I had a lot of fun playing this! It's definitely the quirkiness that sets it apart from the typical "GenAI" content. Highly recommend other hackernews readers check it out.


So lovely to hear, thank you for the kind words!


@mbforbes: perhaps be more careful with your acronyms. NLP to me could be Non-Linear-Programming (operations research) or Neuro-linguistic Programming (psychology) instead of Natural Language Processing (from later context).

Writing speech recognition instead of ASR would be clearer to anyone without a similar background.

Your audience is HN so my guess is that you assume we all know the industry/academic terms here. I’m unsure how correct that assumption is - I’m just suggesting take care when using your acronyms in other places.


Hey I appreciate you pointing this out, thanks for taking the time and writing this feedback!


This unironically seems like great practice for my autistic ass. The fact that you have a background in NLP makes me especially interested.


I would love to see a VR "game" where it's possible to level up social skills via LLM backend. There are some prompt engineers on reddit that have come up with great prompts, but there is definitely a niche for making a seamless product for people to practice being in uncomfortable situations.

If anyone is interested in working together, reply. I started working with TTS, ASR, and LLM API's because this piqued my curiosity after attending a few meetups and going in "cold" without much social interaction before the meeting. I imagine a proper app could give people superpowers.


From watching playtests, I think it can induce some real social stress. But I think the controlled environment and ability to take breaks helps mitigate it. It may actually be decent practice. Please let me know how it goes if you try it!

My NLP background left me on a hilariously level playing field with everyone else to basically become a prompt engineer for a while ;)


Love the idea, had somewhat similar one and even have a demo, hope I will find time to complete it:). Please share some video demonstration of how it works, it will help to fully grasp the idea.

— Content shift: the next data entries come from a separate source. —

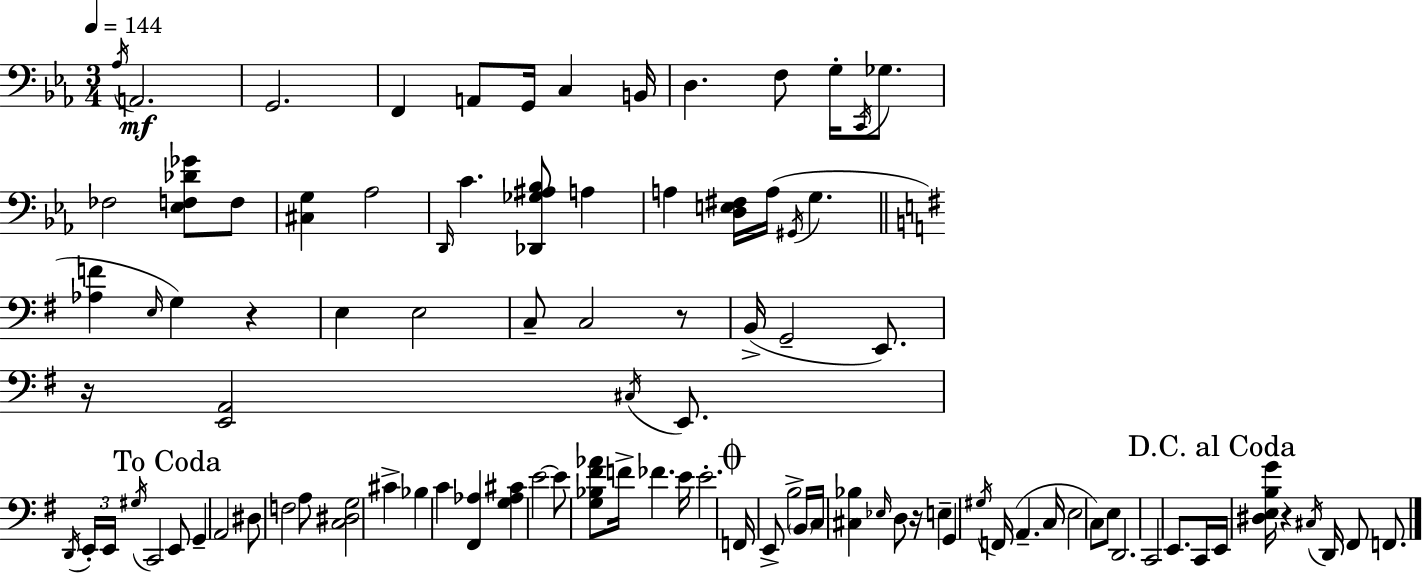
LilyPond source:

{
  \clef bass
  \numericTimeSignature
  \time 3/4
  \key ees \major
  \tempo 4 = 144
  \acciaccatura { aes16 }\mf a,2. | g,2. | f,4 a,8 g,16 c4 | b,16 d4. f8 g16-. \acciaccatura { c,16 } ges8. | \break fes2 <ees f des' ges'>8 | f8 <cis g>4 aes2 | \grace { d,16 } c'4. <des, ges ais bes>8 a4 | a4 <d e fis>16 a16( \acciaccatura { gis,16 } g4. | \break \bar "||" \break \key e \minor <aes f'>4 \grace { e16 } g4) r4 | e4 e2 | c8-- c2 r8 | b,16->( g,2-- e,8.) | \break r16 <e, a,>2 \acciaccatura { cis16 } e,8. | \acciaccatura { d,16 } \tuplet 3/2 { e,16-. e,16 \acciaccatura { gis16 } } c,2 | \mark "To Coda" e,8 g,4-- a,2 | dis8 f2 | \break a8 <c dis g>2 | cis'4-> bes4 c'4 | <fis, aes>4 <g aes cis'>4 e'2~~ | e'8 <g bes fis' aes'>8 f'16-> fes'4. | \break e'16 e'2.-. | \mark \markup { \musicglyph "scripts.coda" } f,16 e,8-> b2-> | \parenthesize b,16 c16 <cis bes>4 \grace { ees16 } d8 | r16 e4-- g,4 \acciaccatura { gis16 } f,16( a,4.-- | \break c16 e2 | c8) e8 d,2. | c,2 | e,8. c,16 \mark "D.C. al Coda" e,16 <dis e b g'>16 r4 | \break \acciaccatura { cis16 } d,16 fis,8 f,8. \bar "|."
}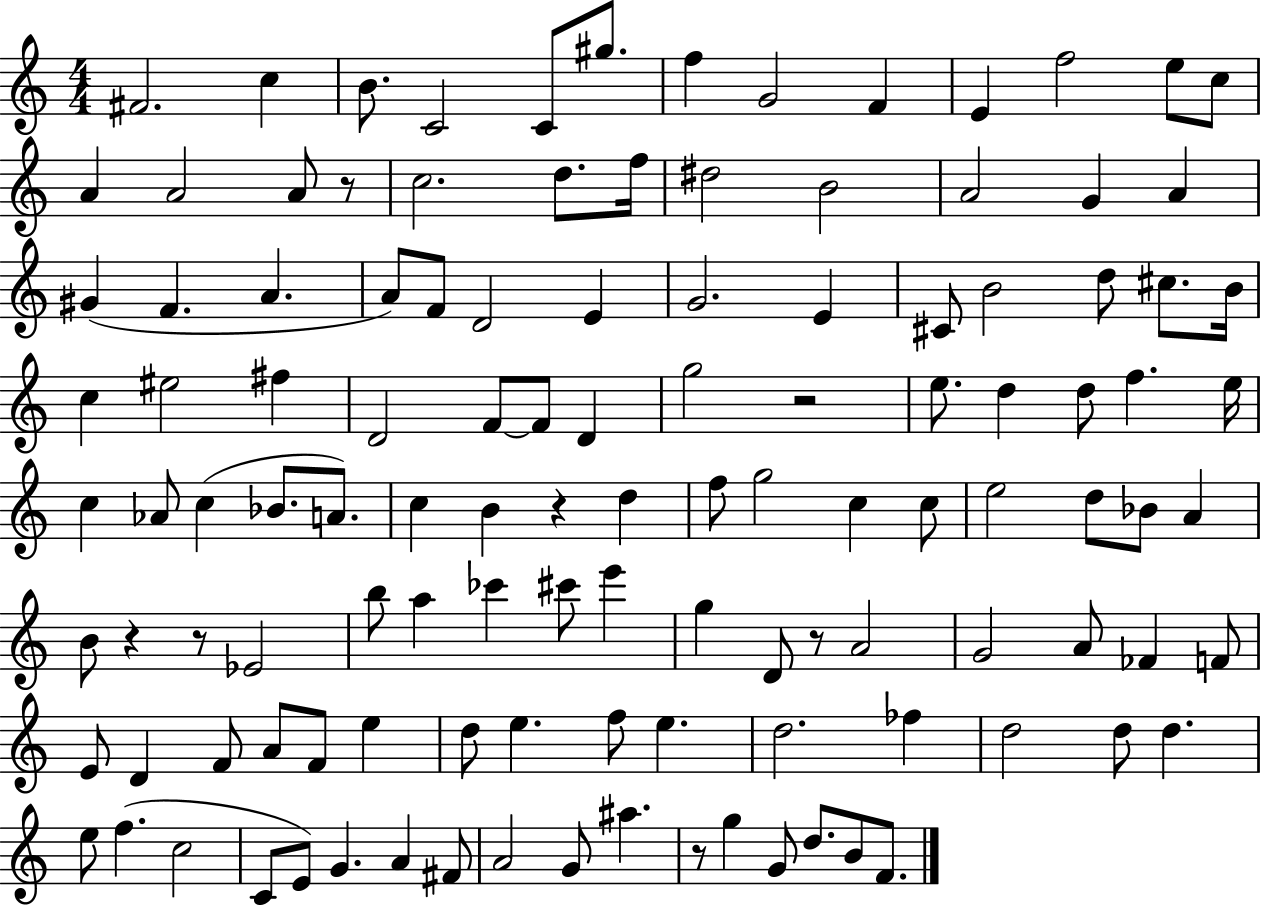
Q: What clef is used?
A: treble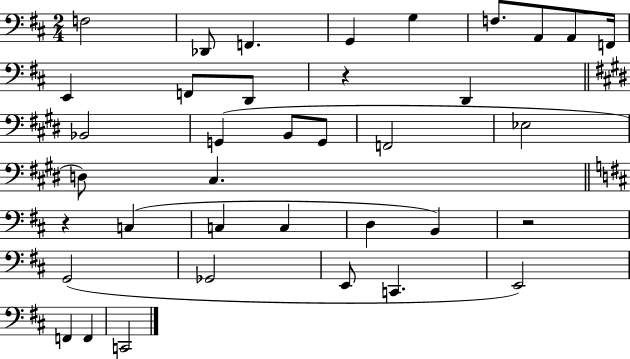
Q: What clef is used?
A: bass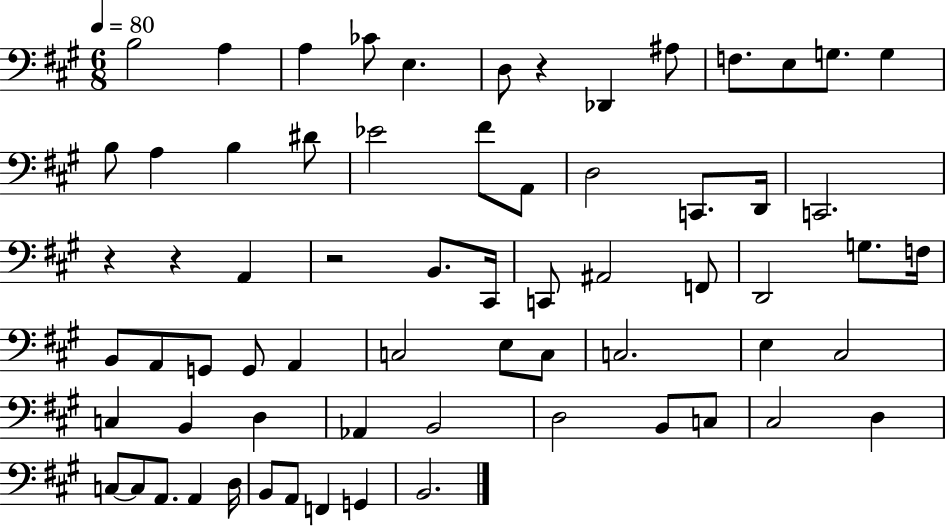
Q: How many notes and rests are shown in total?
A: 67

Thank you! I hope you find time to work on it as well. I'd love to try out your demo and happy to give feedback if you'd like - contact into on my website linked in bio. I also think you're totally right on the video demo needed. On it soon!


This was very enjoyable. A glimpse of the future of gaming IMO, and just plain fun! Some of the situations had me cracking up hard. Well done.

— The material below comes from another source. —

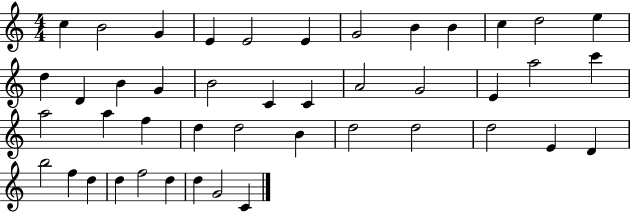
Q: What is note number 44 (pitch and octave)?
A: C4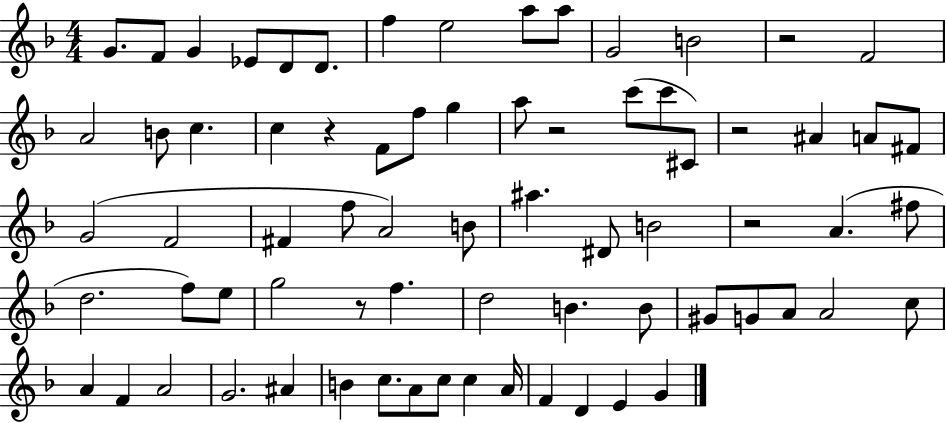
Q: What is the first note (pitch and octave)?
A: G4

Thank you for the kind words, Alex! Stories like these make me wish I could watch more people playing it


Very fun quirky game. I'd love something a bit more mature though. Maybe something where your a divorce lawyer


It's an interesting idea, a great exercise for people like me who's not good at social networking.


I think you're right, there's actually a genuinely useful angle here (at least for the situations that aren't too absurd). I was surprised how much actual social stress talking to a voiced NPC can induce!

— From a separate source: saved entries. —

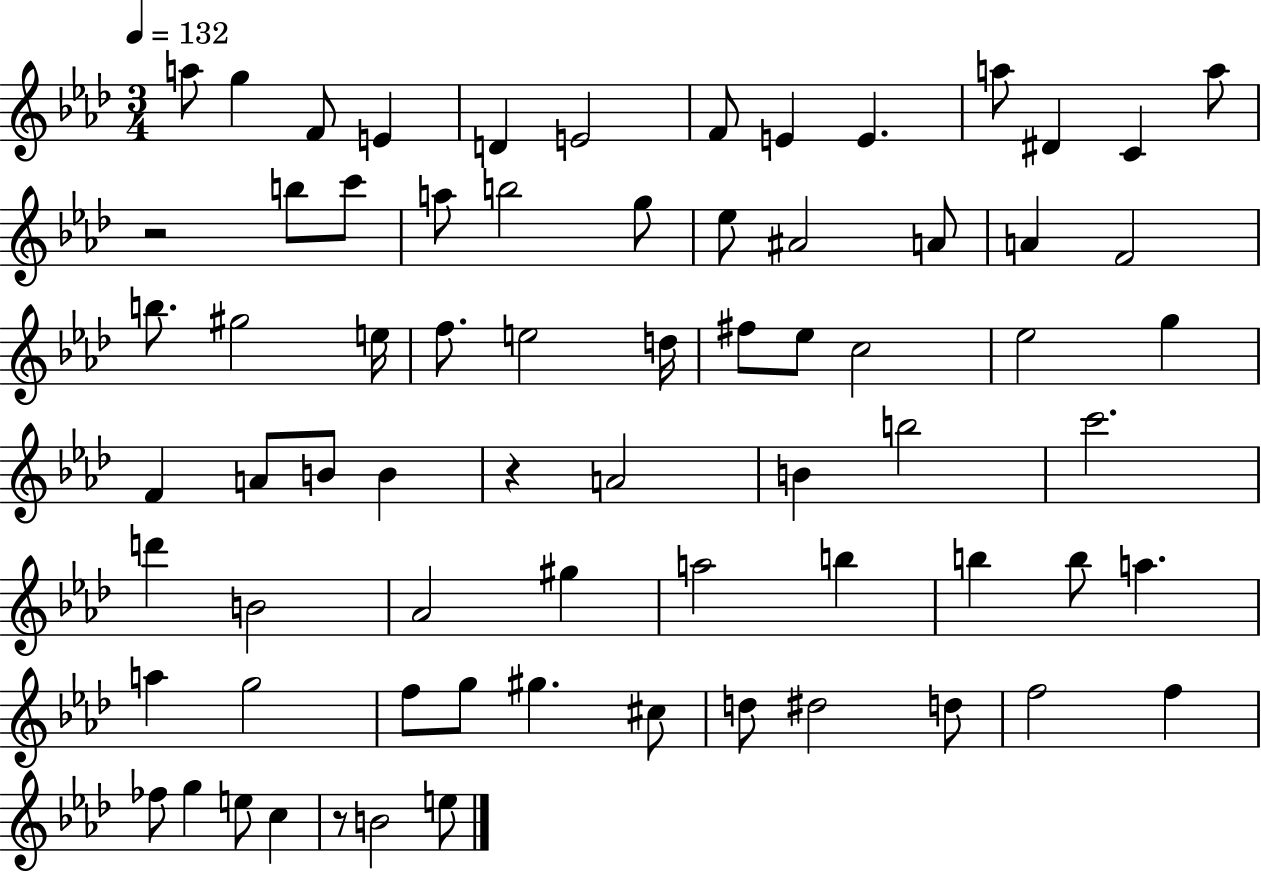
{
  \clef treble
  \numericTimeSignature
  \time 3/4
  \key aes \major
  \tempo 4 = 132
  a''8 g''4 f'8 e'4 | d'4 e'2 | f'8 e'4 e'4. | a''8 dis'4 c'4 a''8 | \break r2 b''8 c'''8 | a''8 b''2 g''8 | ees''8 ais'2 a'8 | a'4 f'2 | \break b''8. gis''2 e''16 | f''8. e''2 d''16 | fis''8 ees''8 c''2 | ees''2 g''4 | \break f'4 a'8 b'8 b'4 | r4 a'2 | b'4 b''2 | c'''2. | \break d'''4 b'2 | aes'2 gis''4 | a''2 b''4 | b''4 b''8 a''4. | \break a''4 g''2 | f''8 g''8 gis''4. cis''8 | d''8 dis''2 d''8 | f''2 f''4 | \break fes''8 g''4 e''8 c''4 | r8 b'2 e''8 | \bar "|."
}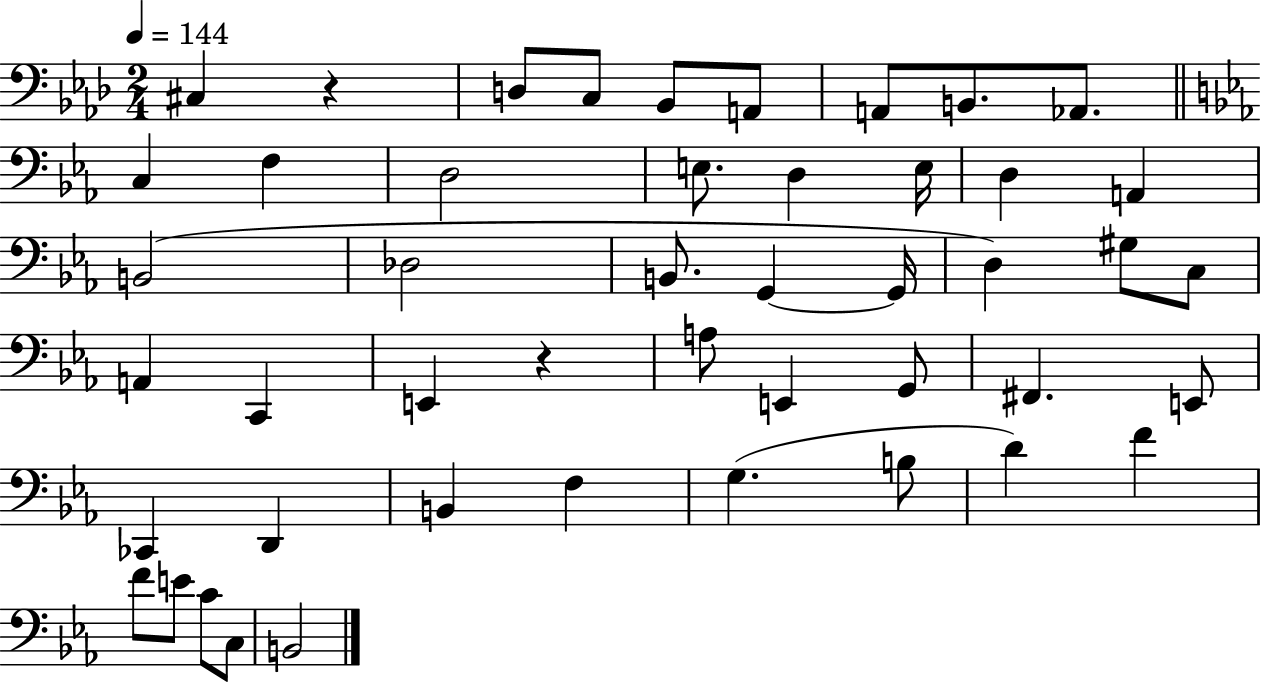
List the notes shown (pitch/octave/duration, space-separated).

C#3/q R/q D3/e C3/e Bb2/e A2/e A2/e B2/e. Ab2/e. C3/q F3/q D3/h E3/e. D3/q E3/s D3/q A2/q B2/h Db3/h B2/e. G2/q G2/s D3/q G#3/e C3/e A2/q C2/q E2/q R/q A3/e E2/q G2/e F#2/q. E2/e CES2/q D2/q B2/q F3/q G3/q. B3/e D4/q F4/q F4/e E4/e C4/e C3/e B2/h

Looks pretty cool, how many more levels are there going to be in act iii and iv?


This is a cool idea. I'll buy it and play it this weekend if I remember.


I thought I'd give it a try, but it's already on waitlist!


I'm sorry about that. I was probably overly cautious about my API quotas and server melting. Expect an invite by tomorrow!


Now I'm trying to check out with Paypal, but while the form opens up the Paypal button is grayed out and doesn't work, with no clear error or feedback.


You think a sane person tries to become a professor???


This is an extremely fair point.


Very interesting idea, good luck!


i need it


Related, but slightly off topic. Does anyone know any good books on persuasion and charm? Maybe something with some empirical verification.


How to Win Friends and Influence People remains popular nearly a century after original publication for a reason.


Its nearly a century old at this point. If you generally try to follow the recommendations in the book, people are going to sense you are insincere.


Influence Is Your Superpower by Zoe Chance. She's an award-winning Yale professor and the chapters are pleasant to read and insightful (and may be read fairly independently from one another.)



Getting To Yes by Roger Fisher and William Ury.